This may well give pause to the
devourer of flesh, to the man who calls the murder of animals
‘sport,’ and most of all to the vivisector; the man who kills or
tortures an animal may be inflicting unspeakable suffering upon a
human being.
I have little doubt that the possibility for a
material-minded man of this uncanny blunder is at least part of the
rationale of the belief of various tribes that certain creatures must
never be killed “lest one should unawares be dispossessing the
spirit of an ancestor." For the man who thus entangles himself with
an animal cannot abandon that animal's body at will; even if he
learned enough to make him desire to withdraw, he could do so only
gradually and by considerable effort, extending probably over many
days.
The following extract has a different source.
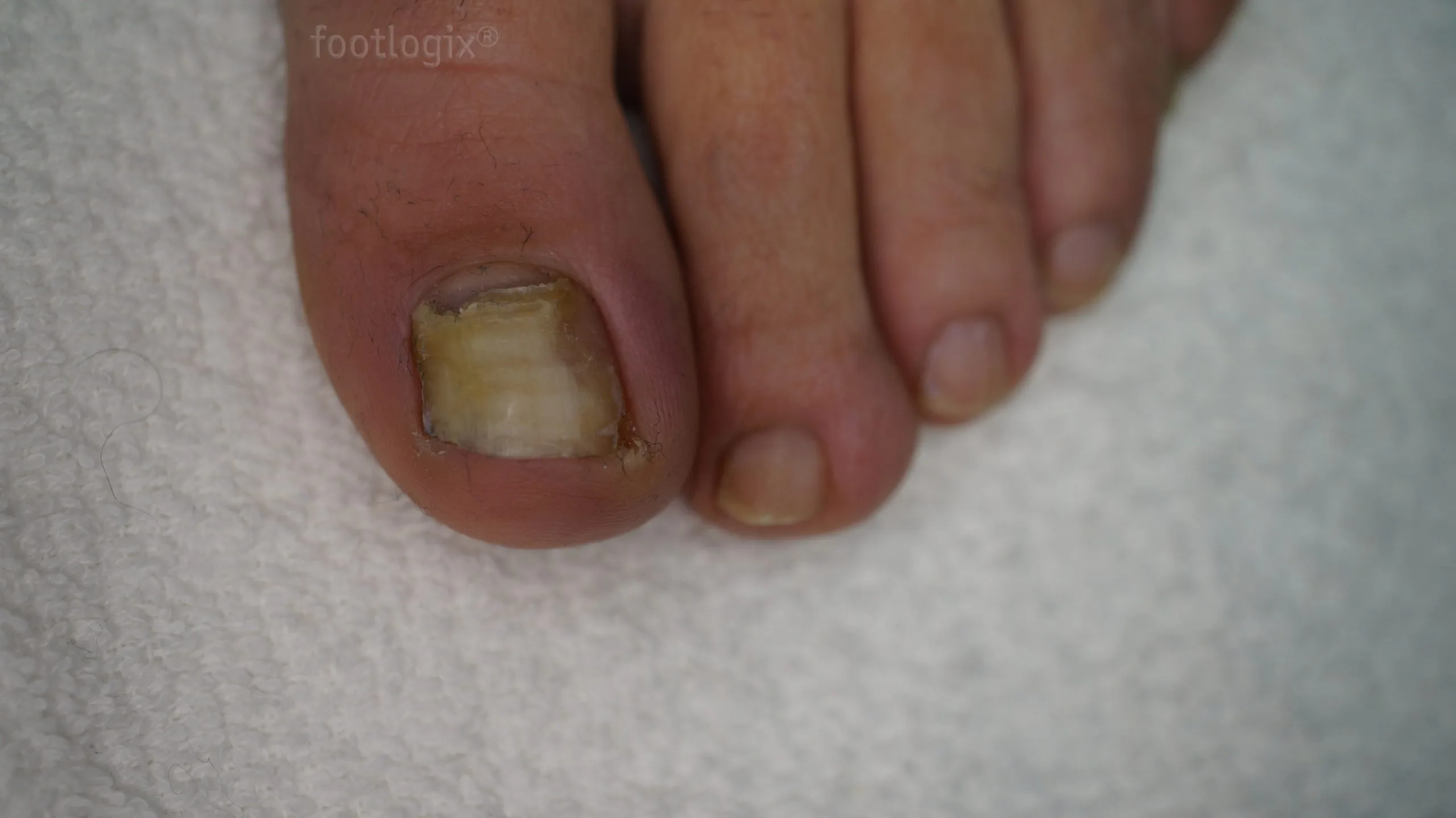 before nail tincture scaled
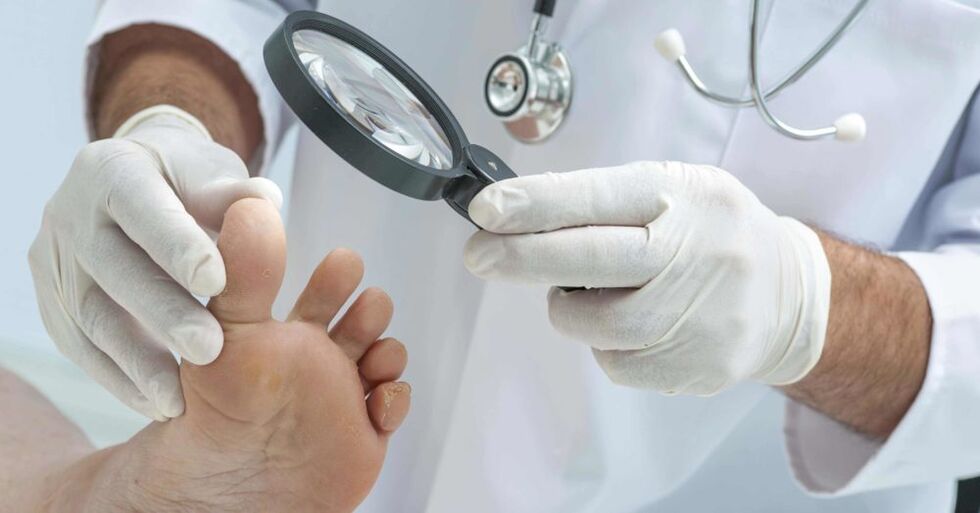 the doctor examines the foot for fungus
It is usually only at the death of the animal that he is set
free, and even then there remains an astral entanglement to shake
off. After the death of the animal such a soul sometimes struggles to
obsess another member of the same herd, or indeed any other creature
whom he can seize in his desperation.
I have noticed that
animals obsessed or semi-obsessed by human beings are often shunned
or feared by the rest of the herd, and indeed they are themselves
often half-maddened by anger and terror at the strangeness of the
thing and at their own helplessness. The animals most commonly seized
upon seem to be the less developed ones — cattle, sheep and swine.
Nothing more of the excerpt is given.